7 votes

Using NLP to detect mental health crises

3 comments

  1. DanBC
    Link
    I work in patient safety and suicide prevention and people always mangle the statistics. This coincides with the WHO effort to reduce deaths by suicide, and that programme includes a lot of work...

    I work in patient safety and suicide prevention and people always mangle the statistics.

    Between 2000–2020, rates of suicide increased worldwide1

    This coincides with the WHO effort to reduce deaths by suicide, and that programme includes a lot of work to improve the data. Are more people dying by suicide, or are more countries counting deaths better? The article cites this WHO report: Suicide World Wide in 2019

    That document says this:

    As with previous revisions of WHO Global Health
    Estimates, the entire time series from the year
    2000 were revised, including for suicide. Because
    the estimates for the years 2000–2019 draw on
    new data and on the results of the GBD2019
    study, and because there have been substantial
    revisions to the methods used, these estimates
    are not comparable with previous estimates for
    2000–2016 or with earlier revisions published by
    WHO. Therefore, suicide estimates in this booklet
    supersede suicide estimates previously published
    by WHO, and differences between published
    revisions should not be interpreted as time trends.6
    Rather, to identify time trends in WHO Global
    Health Estimates, including suicide, one should
    look at the latest published revision of WHO Global
    Health Estimates (Figure 10).

    And in figure 10 it says this:

    In the 20 years between 2000 and 2019, the global age-standardized suicide rate decreased by 36%, with
    decreases ranging from 17% in the Eastern Mediterranean Region to 47% in the European Region and
    49% in the Western Pacific Region (Figure 10). The only increase in age-standardized suicide rates was
    in the Region of the Americas, reaching 17% in the same time-period. The global rate also decreased for
    age-group specific rates.

    With regard to the SDGs, a global acceleration of the decrease in the suicide mortality rate is needed to
    reach the global target of a one-third reduction by 2030 that countries have committed to

    I'm not sure how a WHO document saying "the global age-standardized suicide rate decreased by 36%" is compatible with the article's claim of "Between 2000–2020, rates of suicide increased worldwide".

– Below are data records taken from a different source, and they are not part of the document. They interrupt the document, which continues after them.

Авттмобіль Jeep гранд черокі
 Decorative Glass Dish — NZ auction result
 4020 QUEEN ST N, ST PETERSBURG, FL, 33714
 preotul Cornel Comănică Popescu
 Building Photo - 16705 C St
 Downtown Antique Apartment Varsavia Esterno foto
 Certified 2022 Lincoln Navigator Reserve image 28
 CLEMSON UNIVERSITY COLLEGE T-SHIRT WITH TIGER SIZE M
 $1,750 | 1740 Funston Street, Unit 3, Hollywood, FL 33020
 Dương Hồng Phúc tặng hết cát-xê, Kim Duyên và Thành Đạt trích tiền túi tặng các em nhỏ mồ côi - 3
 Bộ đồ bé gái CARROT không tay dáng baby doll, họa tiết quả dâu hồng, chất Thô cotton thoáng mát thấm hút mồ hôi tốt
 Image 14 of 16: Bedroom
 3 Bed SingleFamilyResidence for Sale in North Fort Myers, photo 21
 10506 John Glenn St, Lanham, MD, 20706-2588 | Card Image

    The tech looks interesting, but I'll note that previous attempts to create risk ratings for suicidality have been so bad the UK NICE (looks at evidence bases for medical interventions) lists it as a "Do not use". (I understand these are very different types of tool.)

    NICE - Self-Harm: assessment, management and preventing recurrence - 1.6 Risk assessment tools and scales

    8 votes
  2. sparksbet
    Link
    This is super cool. It's a relief to see NLP being used in this domain in a way that is helps competent human operators rather than replaces them, and from my quick look at the journal article it...

    This is super cool. It's a relief to see NLP being used in this domain in a way that is helps competent human operators rather than replaces them, and from my quick look at the journal article it seems like they put the amount of thought into how they defined and labelled their classes that it deserves given such a domain.